Kay and Moore met when he was working on a radio documentary about a controversy that brought a lot of attention to West Virginia in the 1970s. In March of 1974, the Kanawha County School Board was asked to do something school boards do all the time: approve the textbooks that would be used in the county for the following year. A textbook committee suggested the books and normally the board would simply defer to the committee’s judgment and vote to approve. But on this day, at this meeting, Moore took issue with a passage in one about dialectology—the idea that African American English and Appalachian English are equally correct versions of the language. Over the next few weeks, as she looked at all of the county’s textbooks more closely, Moore would speak out about a lot more of the content. One book quoted Malcolm X calling Christians brainwashed. Another explained Freud’s theory about the Oedipus Complex, which says that as children all boys want to kill their fathers and marry their mothers. In all, she thought the books were dismissive of Christianity and taught children to question their parents’ beliefs.
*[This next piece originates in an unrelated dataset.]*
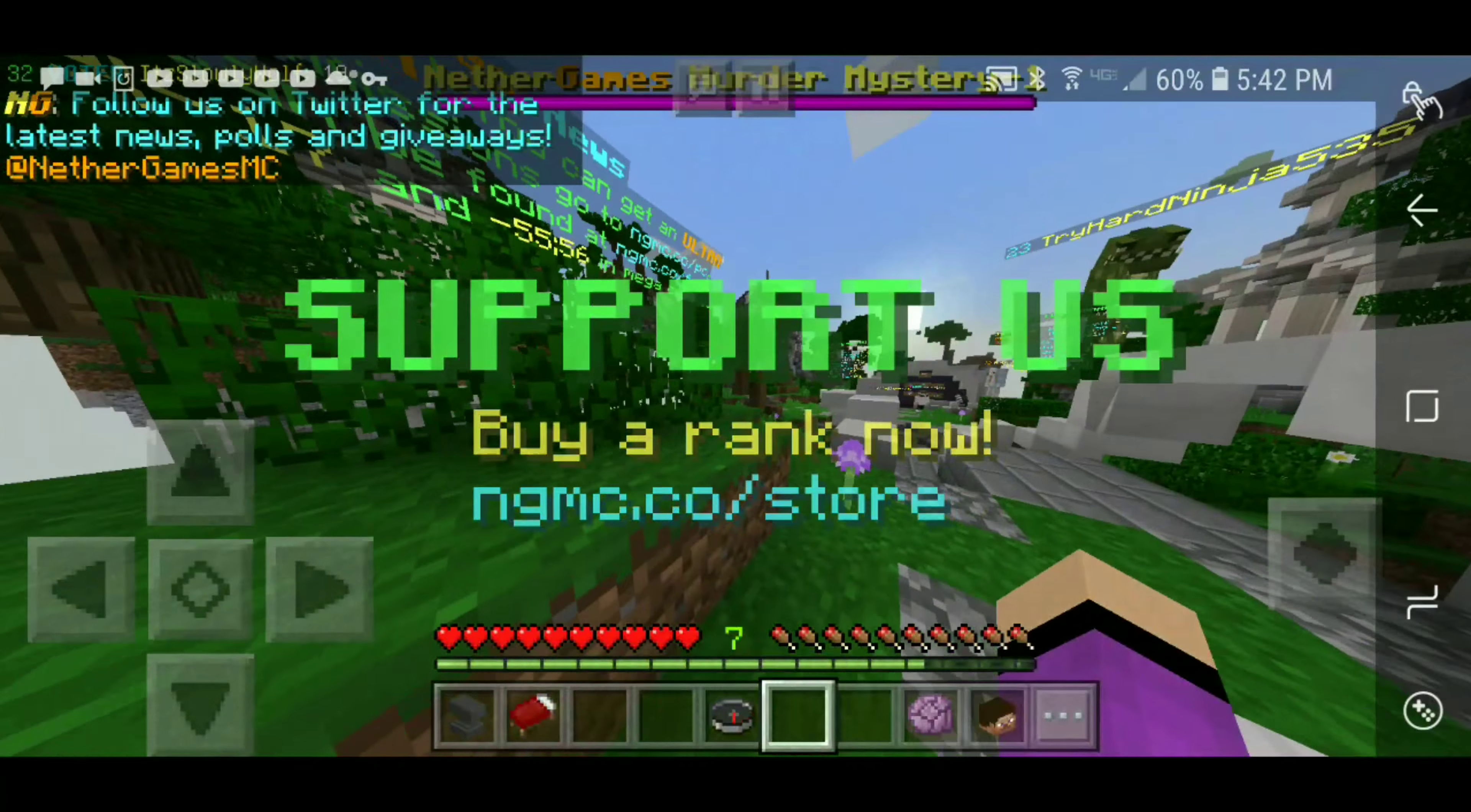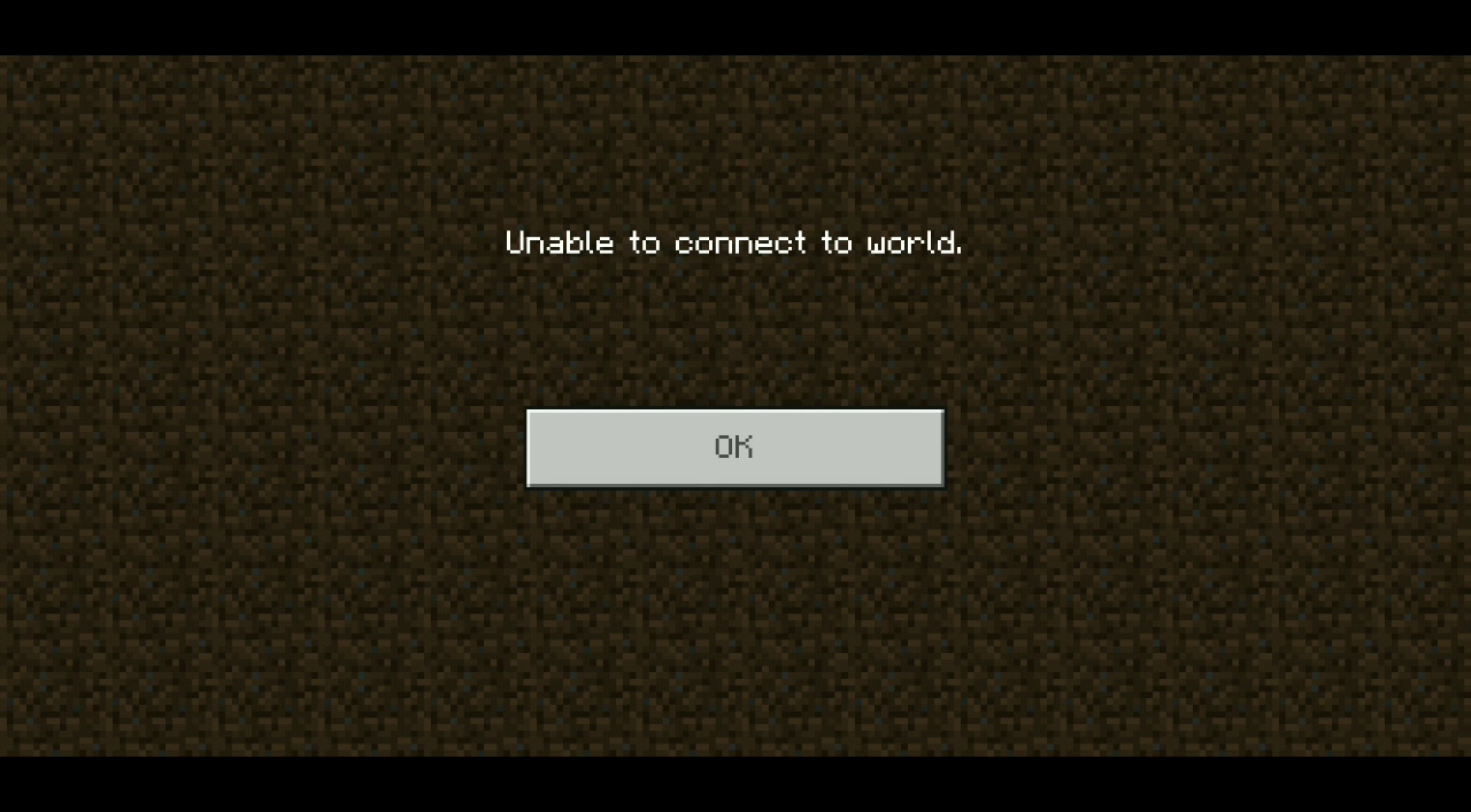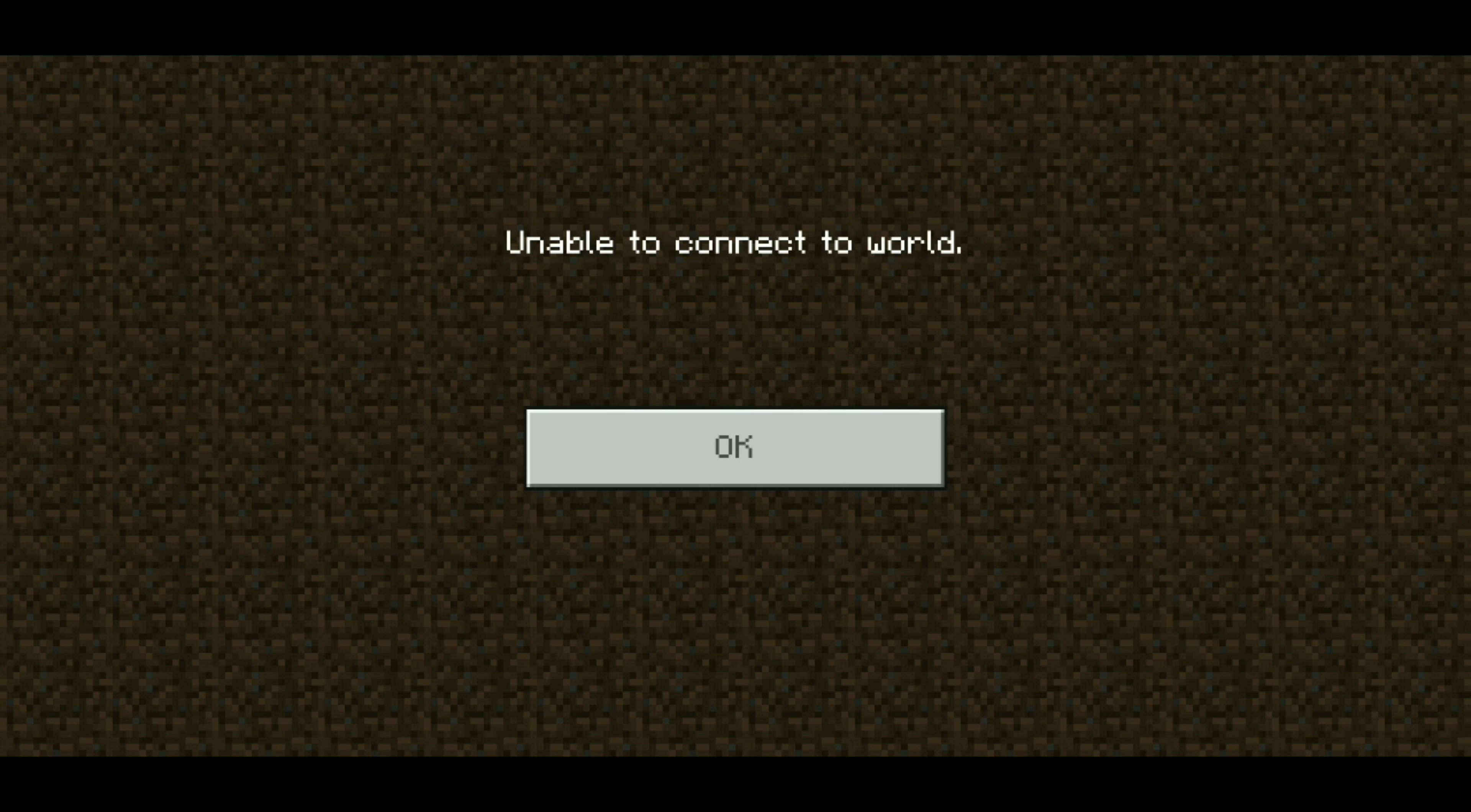If I try to join Nether Games, it's going to let me join. See, locating server, generating world, done. Then look, it's letting me join Nether Games.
Moore thought secular liberals were trying to brainwash the country’s children—in a lot of ways, but also with these books. A lot of people in Kanawha County, especially in the rural areas outside of Charleston, agreed with her. But inside the city, especially in the affluent neighborhood called South Hills where Kay grew up, people thought she and her supporters were, as he puts it, whackjobs. Over several weeks, the controversy spiraled out of control: 4,500 of the county’s 9,000 students stayed home from school to boycott the books. Someone was shot. Bombs were placed at an elementary school and the school board building. The whole thing didn’t calm down until one protester was given a three-year jail sentence.
Thirty-five years after all this, Kay was a radio producer living in New York City when he decided to revisit that controversy for a radio documentary. “When I made it in 2009 there was this thing popping up called the Tea Party, and that energy seemed a lot like what was happening in the Kanawha Valley in 1974,” Kay says. “And in a way I thought, well, maybe knowing something about what happened in ’74 at least gives us the anatomy of what a culture war situation is.” Kay wanted to look at the controversy with clear eyes, to try to understand what the dispute meant to people on both sides of the issue—and what it means for us today. The result was a documentary that treated the thoughts and opinions of all its subjects with equal weight. It won three of the major awards for radio journalism, including The Peabody Award. He called it The Great Textbook War.
“When the thing had success I kind of thought, ‘Well, maybe I’ve tapped into something here,’” Kay says. “I’m not saying it was a more brilliant way to look at these issues, but I thought maybe it was attempting to do it a little differently.” He went on to do another documentary on the culture wars in Texas, but then he had another idea. “As I’m doing all this I’m going and interviewing these really interesting people—but how much of that is going to get into a documentary?” Kay says. “I’m trying to tell these big epic stories, so I might have a fantastic interview that I did with somebody, and it’s really interesting, but it’s never going to see the light of day.” He thought maybe he could use a different format that would let him tell smaller stories. Podcasting was the obvious answer. West Virginia Public Broadcasting agreed to partner with Kay to produce the show.
Us & Them launched on May 1 with an episode about Kay’s relationship with Moore. In later podcasts Kay talks through attitudes about gay people, panhandlers, and abortion—some of the most contentious stuff there is. In every episode, his tone is frank but understanding, his attitude both accepting and critical. “What I found in the textbook controversy is that there are good people on either side,” Kay says. “We probably aren’t going to agree, but this belittling, minimizing, and demonizing— it’s not helping. I’m trying to see if there’s a way we can have a different conversation.”